Chen Gong and ShiChun Shen independently searched databases including PubMed, Google Scholar, Cochrane library, and Clinicaltrial.gov to screen all the eligible RCTs published before October 01, 2021 without language restrictions. The combination terms of keywords omega-3 fatty acid (FA) supplementation, fish oil, eicosapentaenoic acid (EPA), docosahexaenoic acid (DHA), RCT, CHD, cardiovascular disease, myocardial infarction (MI), sudden cardiac death, and stroke were searched in the above database.

Inclusion Criteria

- RCTs enrolled adult subjects over 18 years old with high risks of CHD or confirmed CHD or not.

- The sample size of RCTs was more than 1,000.

- RCTs were designed to compare omega-3 FA supplementation to control group with or without placebo.

- Outcomes of RCTs include one of the following events: all-cause death, MACEs, cardiovascular death (CV death), MI, stroke, and revascularization.

Data Extraction

In each RCT, we extracted trial registration number if applicable, first author, publication year, trial location, participant characteristics, type and dose of omega-3 FA supplementation, treatment duration, subject number of omega-3 FA supplementation group and control group, reported endpoints, and study design. Two researchers independently completed data collection, and if any discrepancies were encountered, they were resolved through negotiation.

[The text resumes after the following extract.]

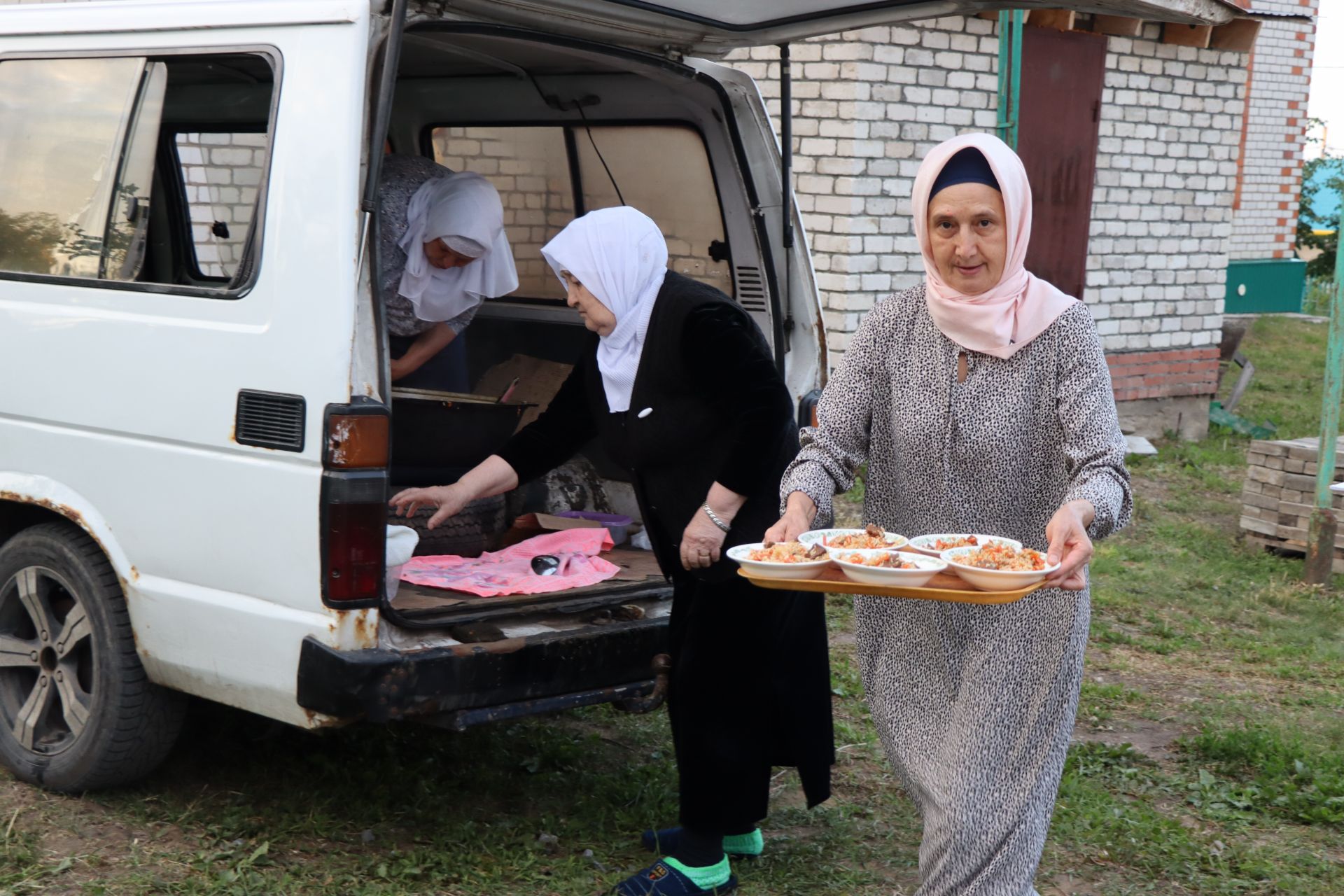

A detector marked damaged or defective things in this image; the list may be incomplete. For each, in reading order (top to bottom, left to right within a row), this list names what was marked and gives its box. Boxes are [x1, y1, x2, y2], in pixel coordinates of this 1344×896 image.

rusty bumper [297, 616, 669, 728]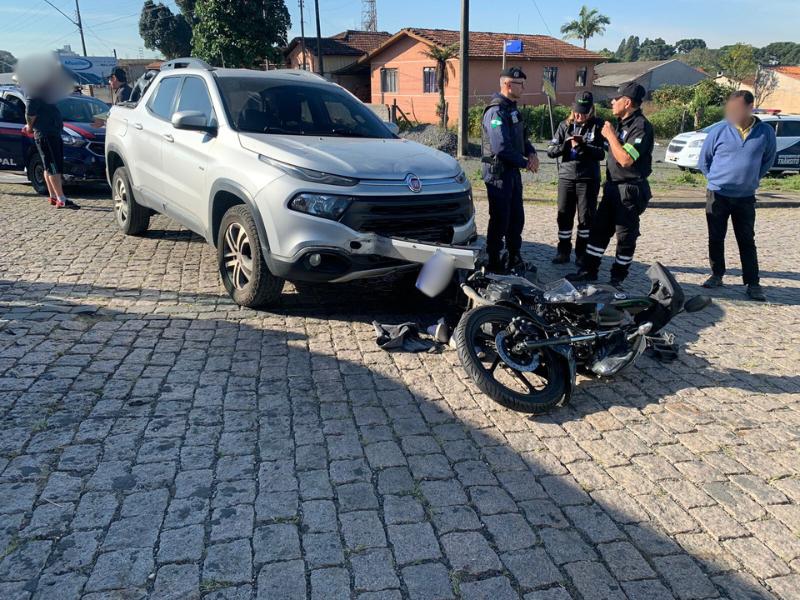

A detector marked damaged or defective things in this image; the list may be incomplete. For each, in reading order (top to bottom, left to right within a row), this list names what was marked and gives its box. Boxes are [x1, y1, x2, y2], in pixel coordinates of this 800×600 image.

damaged front bumper [268, 232, 482, 284]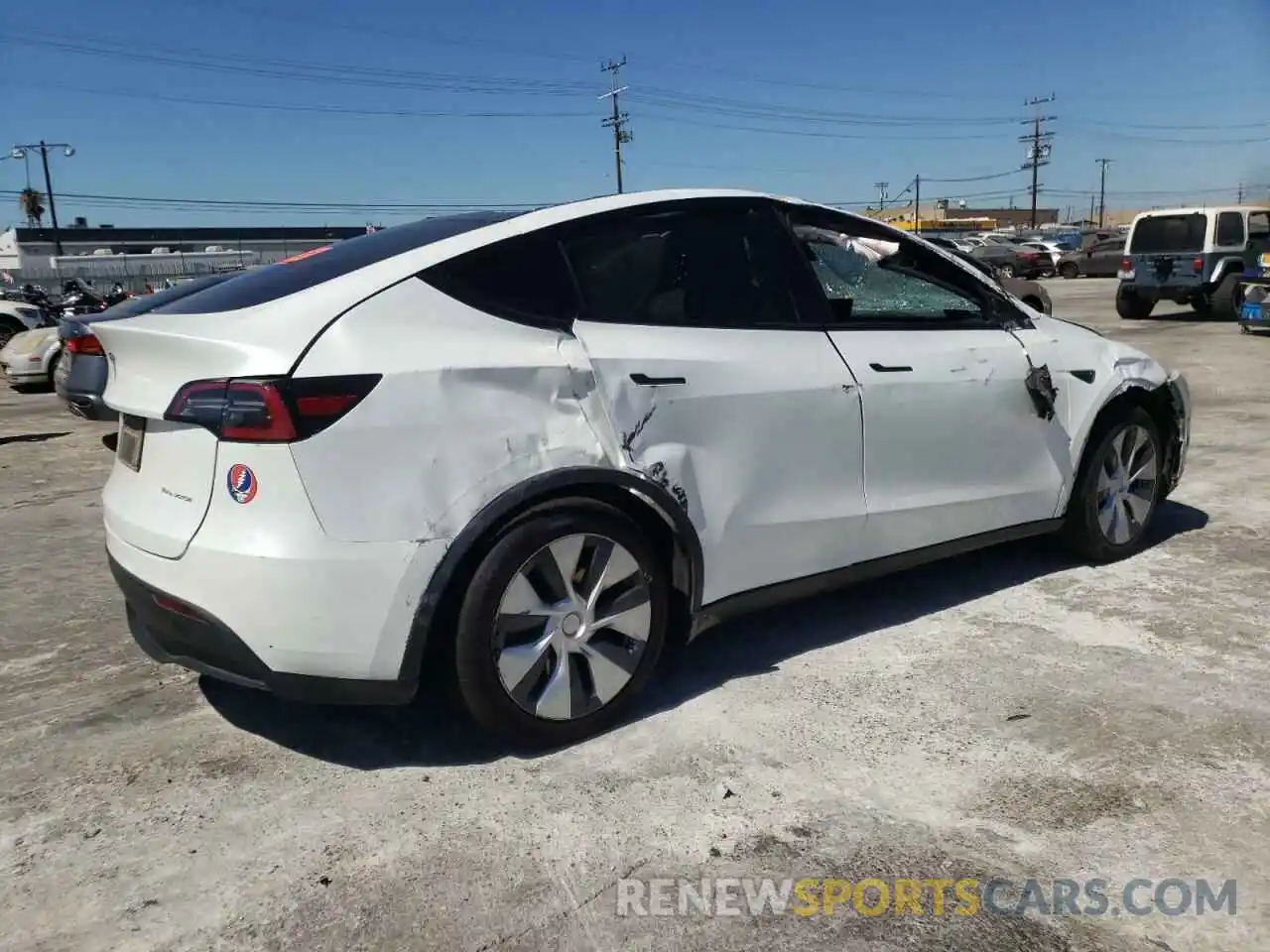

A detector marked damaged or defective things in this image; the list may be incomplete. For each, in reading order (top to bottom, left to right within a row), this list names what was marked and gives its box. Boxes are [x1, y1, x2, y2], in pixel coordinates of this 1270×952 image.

Major adverse cardiovascular event was defined as a composite of cardiovascular death, MI, and stroke. MI and stroke were defined as non-fatal MI and non-fatal ischemic stroke, respectively. However, not all RCTs reported the specific definition of MI and stroke. If RCT did not specify the definition of MI and stroke, respectively, as non-fatal MI and ischemic stroke, the number of total MI and stroke reported in that RCT was collected in our meta-analysis. When the results of the same RCT were updated, we decided to report the latest report.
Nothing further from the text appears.